Each line of the data that includes "with" must be copied.

▶ _DATASET CONTENT_:

········

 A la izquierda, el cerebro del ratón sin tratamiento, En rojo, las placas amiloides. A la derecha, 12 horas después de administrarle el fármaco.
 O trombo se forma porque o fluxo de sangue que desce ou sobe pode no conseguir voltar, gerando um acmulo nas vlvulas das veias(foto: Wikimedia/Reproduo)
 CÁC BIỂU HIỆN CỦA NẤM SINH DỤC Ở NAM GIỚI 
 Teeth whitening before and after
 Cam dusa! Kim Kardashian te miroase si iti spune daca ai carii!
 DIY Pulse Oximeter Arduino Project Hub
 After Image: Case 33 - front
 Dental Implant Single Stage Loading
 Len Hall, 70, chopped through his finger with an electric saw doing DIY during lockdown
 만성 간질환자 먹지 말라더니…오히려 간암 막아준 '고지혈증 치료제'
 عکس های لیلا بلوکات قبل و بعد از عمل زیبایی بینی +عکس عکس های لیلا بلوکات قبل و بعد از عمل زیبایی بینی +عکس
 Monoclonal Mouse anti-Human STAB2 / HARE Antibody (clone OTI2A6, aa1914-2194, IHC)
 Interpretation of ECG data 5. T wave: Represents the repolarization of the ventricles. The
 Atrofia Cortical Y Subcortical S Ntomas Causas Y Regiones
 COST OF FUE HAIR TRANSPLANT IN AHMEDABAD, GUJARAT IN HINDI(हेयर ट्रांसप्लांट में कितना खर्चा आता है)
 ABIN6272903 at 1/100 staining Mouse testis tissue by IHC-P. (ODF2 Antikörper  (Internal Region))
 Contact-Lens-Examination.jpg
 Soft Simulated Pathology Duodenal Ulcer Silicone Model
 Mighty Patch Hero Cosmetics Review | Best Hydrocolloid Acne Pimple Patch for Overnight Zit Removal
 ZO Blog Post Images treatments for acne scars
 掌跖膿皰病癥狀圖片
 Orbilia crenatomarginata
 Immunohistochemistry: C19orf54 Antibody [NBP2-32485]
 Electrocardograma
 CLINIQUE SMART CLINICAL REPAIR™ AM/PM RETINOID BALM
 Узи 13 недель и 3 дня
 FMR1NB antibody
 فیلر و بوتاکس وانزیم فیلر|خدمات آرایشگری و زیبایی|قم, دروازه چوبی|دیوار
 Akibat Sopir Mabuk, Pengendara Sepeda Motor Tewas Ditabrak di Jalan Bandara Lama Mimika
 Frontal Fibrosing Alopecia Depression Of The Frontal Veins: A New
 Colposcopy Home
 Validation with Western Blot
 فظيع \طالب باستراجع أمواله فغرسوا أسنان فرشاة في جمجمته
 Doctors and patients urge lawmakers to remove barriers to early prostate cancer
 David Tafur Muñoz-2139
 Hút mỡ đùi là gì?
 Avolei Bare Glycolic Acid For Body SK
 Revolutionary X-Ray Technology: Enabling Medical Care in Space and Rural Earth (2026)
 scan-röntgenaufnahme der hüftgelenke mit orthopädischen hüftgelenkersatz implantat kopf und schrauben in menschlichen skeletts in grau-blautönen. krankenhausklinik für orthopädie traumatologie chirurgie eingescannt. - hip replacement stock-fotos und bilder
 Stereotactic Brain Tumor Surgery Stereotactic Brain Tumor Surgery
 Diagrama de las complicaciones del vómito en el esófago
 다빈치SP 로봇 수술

········

▶ _REPLY_:
 Len Hall, 70, chopped through his finger with an electric saw doing DIY during lockdown
 Validation with Western Blot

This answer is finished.